(Brief descriptive captions)
____________________

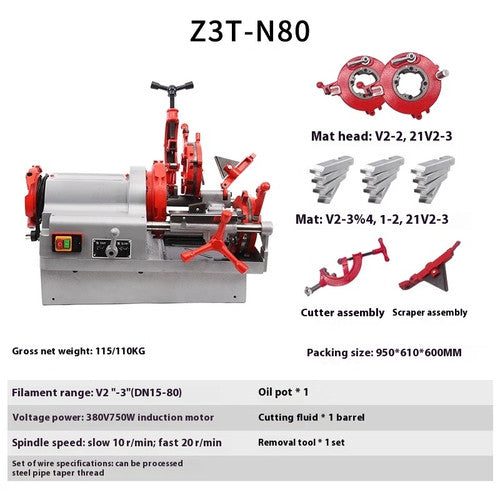 ya 26 7.28.2 Electric Pipe Cutting and Sleeving Machine Pipe Round Steel Wire Turning Machinec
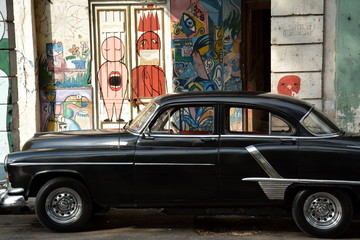 Old american car in the street of Havana, Cuba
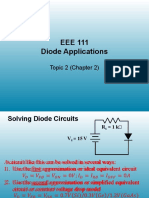 EEE 111 Diode Applications: Topic 2 (Chapter 2)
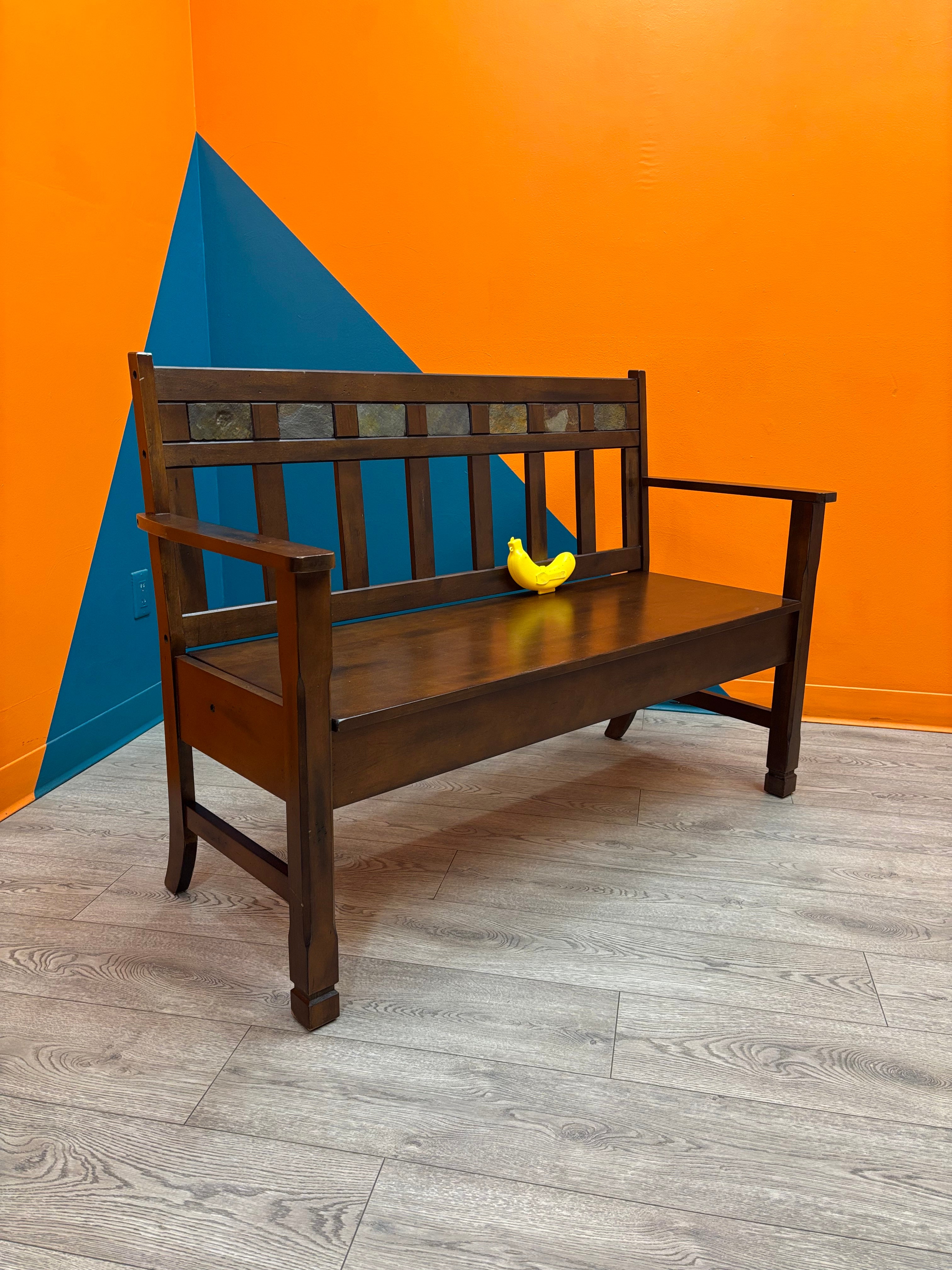 Wood Bench with Storage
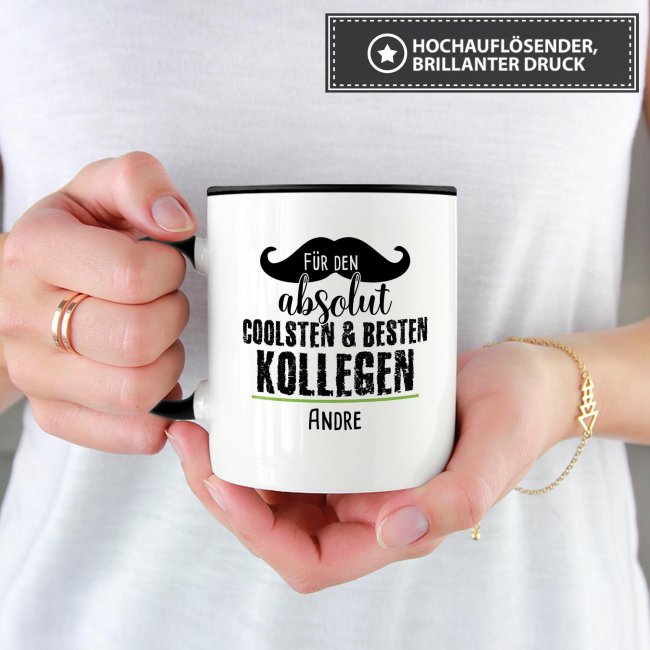 Tasse mit Name f&uuml;r den besten Kollegen - Innen &amp; Henkel Schwarz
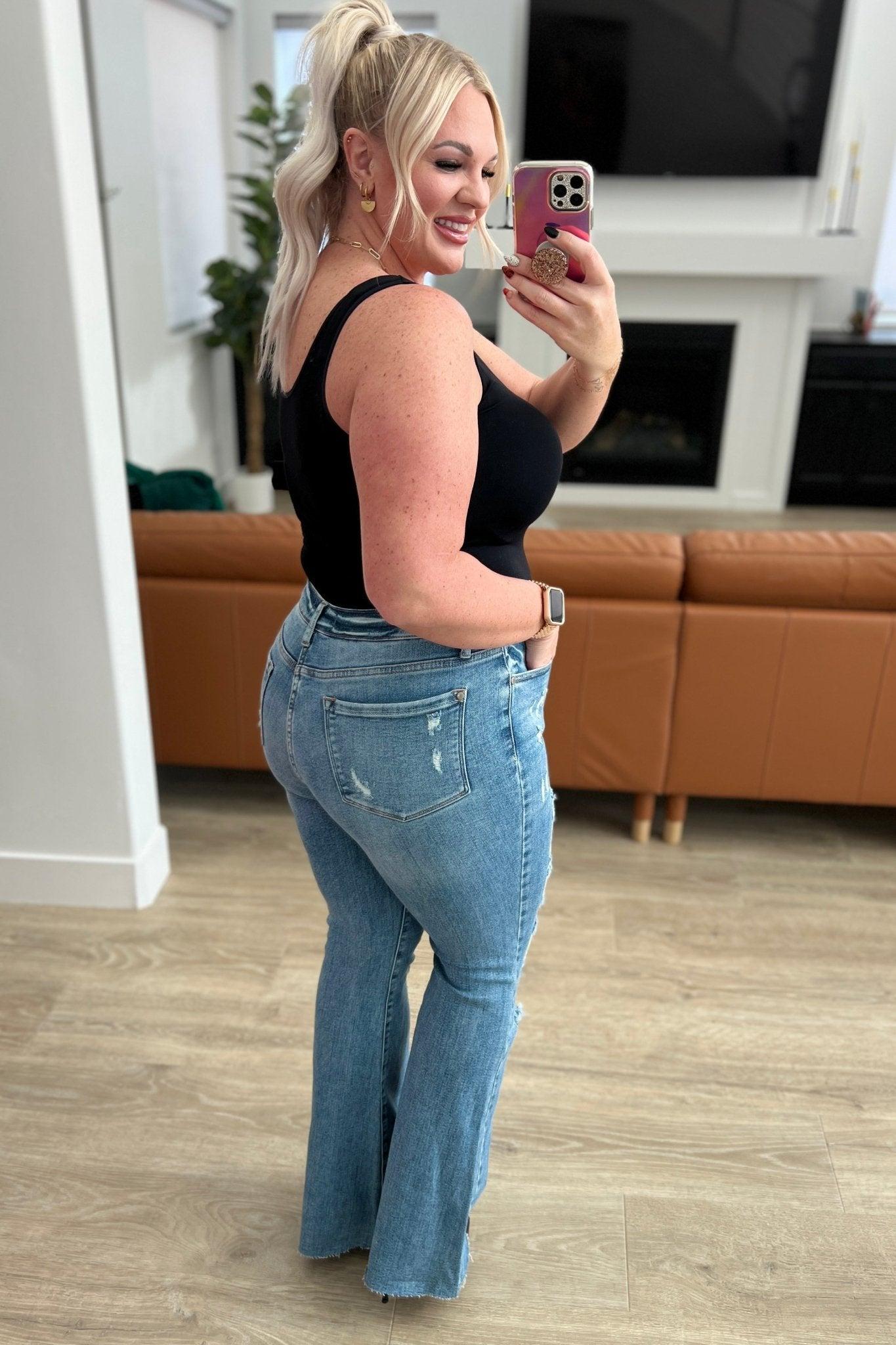 Jada High Waist Flare with Patch Pockets Female Product Image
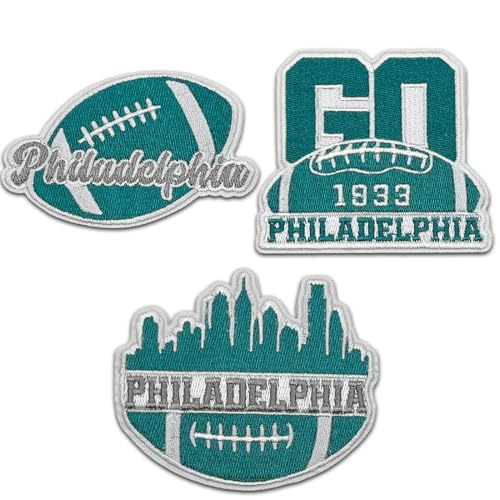 3 x Applikationen für Fußball-Fans, Bastelzubehör, Sportstile, bestickter Aufnäher, DIY-Nähapplikation, Verzierungen und Aufbügler für Philadelphia (ABC) von Weadatty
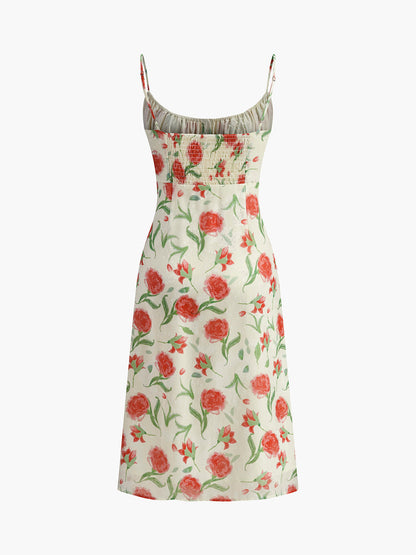 Pretty Gathered Button Front Dress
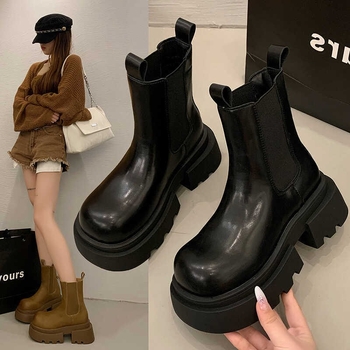 Martin csizmák retro brit stílusban, PU felső rész, gumi talp, kerek orr, vastag sarka 3–5 cm, középmagas szár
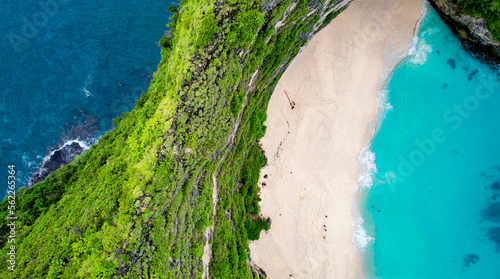 Drone Aerial Famous Kelingking Beach in Nusa Penida, Indonesia, Spine of Rock Formation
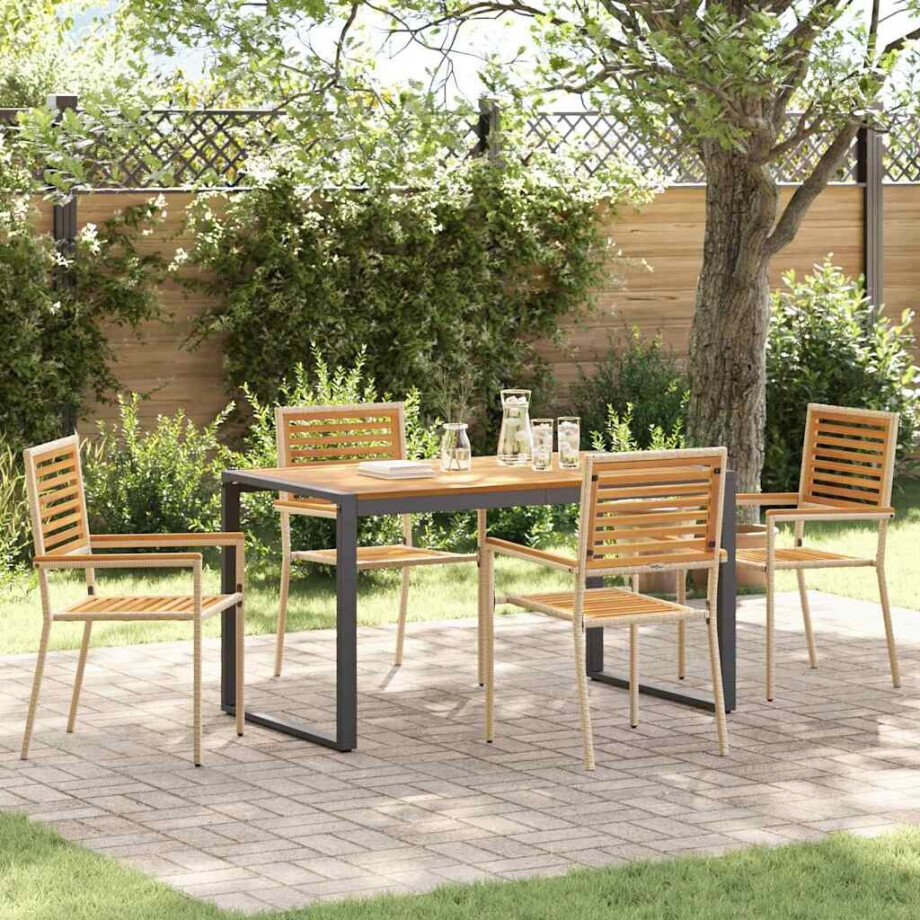 vidaXL Tuin eettafelset 5 pcs Beige en Bruin poly rattan afbeelding 1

____________________

→ **What you are asked to do**: In the records above, find the line that contains "Martin csizmák retro" and retype it and all lines after it exactly, leaving out any pictures.

→ **Completed task**:
 Martin csizmák retro brit stílusban, PU felső rész, gumi talp, kerek orr, vastag sarka 3–5 cm, középmagas szár
 Drone Aerial Famous Kelingking Beach in Nusa Penida, Indonesia, Spine of Rock Formation
 vidaXL Tuin eettafelset 5 pcs Beige en Bruin poly rattan afbeelding 1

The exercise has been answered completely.